En mars 1988, Milton est dans une forme extraordinaire : il remporte six victoires et deux grands prix Coupe du Monde. Mais ses meilleures années sont devant lui. En 1989, il remporte la médaille d'or au Championnat d'Europe à Rotterdam. Dans une forme splendide, selon son cavalier, "Milton vole, Milton plane ; sa puissance, sa souplesse, son élasticité, sa réactivité et sa générosité sautent aux yeux". En 1991, Milton gagne la Coupe du Monde à Dortmund, sur des parcours vraiment énormes, remportant une victoire symbolique : depuis onze ans, les Européens n'avaient plus réussi à reprendre la Coupe aux Américains !
Caroline Bradley avait été injustement écartée de la sélection olympique en 1976. Les Bradley avaient donc été clairs dès le départ : pas de jeux olympiques pour Milton. Mais, finalement, au vu des performances du cheval, il reviennent sur leur décision : en mars 1992, ils donnent le feu vert pour les Jeux de Barcelone. Ils voulaient permettre au cheval de décrocher la plus haute distinction, la seule qui lui manquait : l'or olympique ! Hélas, la chaleur catalane est particulièrement éprouvante pour les chevaux d'âge comme Milton, qui a atteint sa quinzième année : s'il ne commet qu'une petite faute dans l'épreuve par équipe, il échoue dans la finale.

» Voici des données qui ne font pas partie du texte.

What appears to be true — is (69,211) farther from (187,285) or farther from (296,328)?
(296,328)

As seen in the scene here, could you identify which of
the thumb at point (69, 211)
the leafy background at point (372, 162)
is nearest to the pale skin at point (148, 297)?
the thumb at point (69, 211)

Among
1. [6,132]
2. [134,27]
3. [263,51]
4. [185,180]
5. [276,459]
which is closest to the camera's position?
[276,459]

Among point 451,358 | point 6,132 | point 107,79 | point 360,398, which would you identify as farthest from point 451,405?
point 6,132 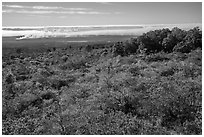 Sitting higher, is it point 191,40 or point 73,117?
point 191,40

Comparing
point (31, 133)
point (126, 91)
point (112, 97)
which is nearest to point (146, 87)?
point (126, 91)

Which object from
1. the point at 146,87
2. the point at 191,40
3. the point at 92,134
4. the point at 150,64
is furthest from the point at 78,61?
the point at 92,134

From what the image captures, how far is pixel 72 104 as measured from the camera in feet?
28.5

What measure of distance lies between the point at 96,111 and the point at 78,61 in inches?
368

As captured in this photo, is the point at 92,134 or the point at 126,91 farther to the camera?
the point at 126,91

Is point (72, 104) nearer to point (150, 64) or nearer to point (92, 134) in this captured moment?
point (92, 134)

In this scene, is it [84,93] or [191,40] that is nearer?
[84,93]

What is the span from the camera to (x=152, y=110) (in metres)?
7.35

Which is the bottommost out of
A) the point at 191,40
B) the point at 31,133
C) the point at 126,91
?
the point at 31,133

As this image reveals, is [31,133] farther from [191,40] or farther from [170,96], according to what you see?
[191,40]

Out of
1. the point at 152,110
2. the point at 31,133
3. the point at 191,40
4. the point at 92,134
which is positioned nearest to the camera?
the point at 92,134

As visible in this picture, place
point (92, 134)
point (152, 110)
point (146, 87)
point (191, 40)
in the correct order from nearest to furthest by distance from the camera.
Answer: point (92, 134) → point (152, 110) → point (146, 87) → point (191, 40)

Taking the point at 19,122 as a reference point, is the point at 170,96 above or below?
above

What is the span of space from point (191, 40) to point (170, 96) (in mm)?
9635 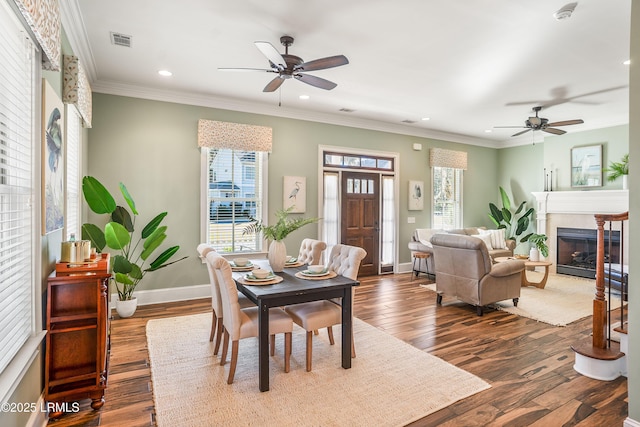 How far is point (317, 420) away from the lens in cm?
224

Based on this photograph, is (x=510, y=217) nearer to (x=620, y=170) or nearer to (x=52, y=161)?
(x=620, y=170)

En 1993, Milton accumule les problèmes de santé. Mais, après neuf mois d'absence, il revient peu à peu à son meilleur niveau. Hélas, il n'est plus tout jeune. En décembre 1996, il commence sa tournée d'adieu à Londres, où le public l'ovationne, avant de prendre sa retraite dans les vertes prairies du Yorkshire. Il jouit pleinement de sa retraite sous l'oeil attentif de John Whitaker, qui le sort régulièrement en ballade. Choyé par les enfants Whitaker et par ses propriétaires, il coule des jours heureux, bien mérités.
Ce champion tardivement découvert s'est malheureusement éteint l'année dernière, d'un problème digestif comme il avait souvent été victime.